Quasi tutti i provvedimenti del Governo Letta prevedono nuove tasse come coperture finanziarie, anche la cancellazione delle rate Imu per il 2013, e la legge di stabilità per il 2014 prevede il ritorno dell’Imu sulla prima casa e un aggravio generale della tassazione sugli immobili e sul risparmio (una patrimoniale ormai vicina a 40 miliardi), a fronte di sgravi più che altro redistributivi, che a giudizio della Banca d’Italia non compensano nemmeno l’effetto del fiscal drag. La legge di stabilità, così com’è, è davvero invotabile per chiunque abbia in mente un futuro di centrodestra. D’altronde, sulle tasse la disponibilità al compromesso richiesta da Letta e Saccomanni, e che Alfano sembra pronto ad accordare, appare davvero incompatibile con lo spirito “rivoluzionario” del ‘94 (e del 2001) a cui tutti a parole dichiarano di voler tornare.
Ai livelli a cui siamo giunti, un approccio radicale al tema delle tasse in Italia è l’unico plausibile per mantenere un rapporto con l’elettorato di centrodestra, a costo di venire accusati di populismo e irresponsabilità dalla sinistra. La sensazione è che l’ala governativa del Pdl abbia anteposto la “stabilità” non solo alla difesa del suo leader da una prematura decadenza, ma anche al merito delle politiche e, ciò che è peggio, agli assi fondanti del berlusconismo, per il semplice calcolo che sopravvenendo a breve l’incandidabilità di Berlusconi proprio la durata del governo avrebbe di per sé garantito un morbido passaggio della leadership del partito ad Alfano, ancora segretario. Riguardo l’Europa il discorso è più complesso. Sia “lealisti” che “governativi” sono ambigui.
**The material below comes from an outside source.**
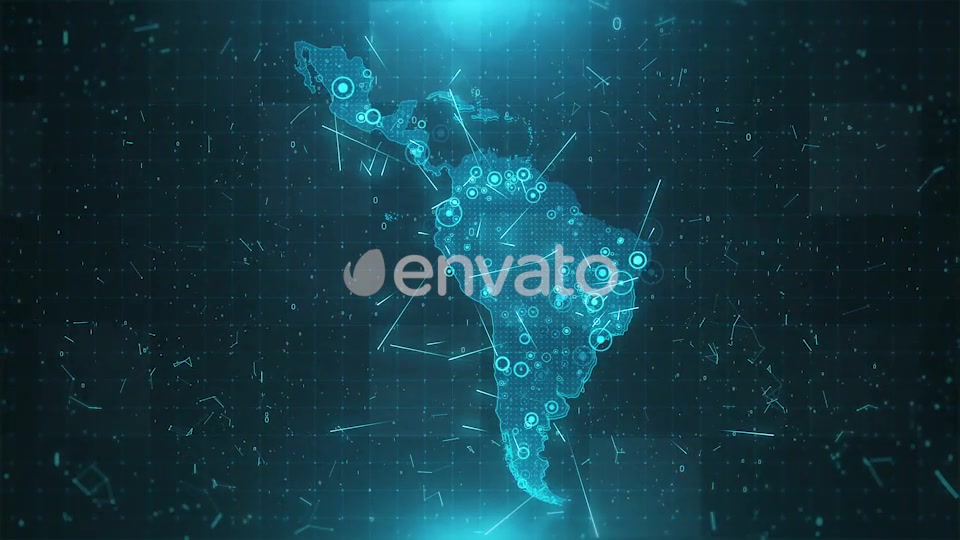 Latin America Map Population HD Videohive 21999114 Motion Graphics Image 5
Come ha osservato Panebianco sul Corriere della Sera, occorre “evitare di esorcizzare l’ondata antieuropeista usando sciocchi e logori termini passepartout (che non spiegano nulla) come il termine populista”. Ma un centrodestra con vocazione maggioritaria e di governo non può nemmeno “flirtare” con pulsioni “No-euro” e anti-tedesche, né con irrealistici isolazionismi dal sapore autarchico. Dunque, contestare la retorica europeista “mainstream”, rappresentare con forza il più che fondato malcontento verso l’Europa che stiamo costruendo, un moloch burocratico e iper-statalista, ma la critica all’austerità da parte del centrodestra non può tradursi in nostalgia per le politiche fiscali lassiste e inflazionistiche, dovrebbe puntare a smontare la cultura economica dominante sia a Bruxelles che a Roma, per la quale tassare è l’unico modo per rispettare i vincoli di bilancio e gli investimenti pubblici l’unico per crescere.
Concludendo, la questione centrale è se questo Paese abbia diritto ad avere una destra o un centrodestra vincente e di governo, nei cui confronti non ci siano una demonizzazione e una persecuzione permanenti, da parte non solo degli avversari politici ma anche di poteri che dovrebbero essere neutrali se non neutri, o se invece sia condannato ad una non scelta tra una sinistra post-comunista e un centro neo-democristiano culturalmente subalterno.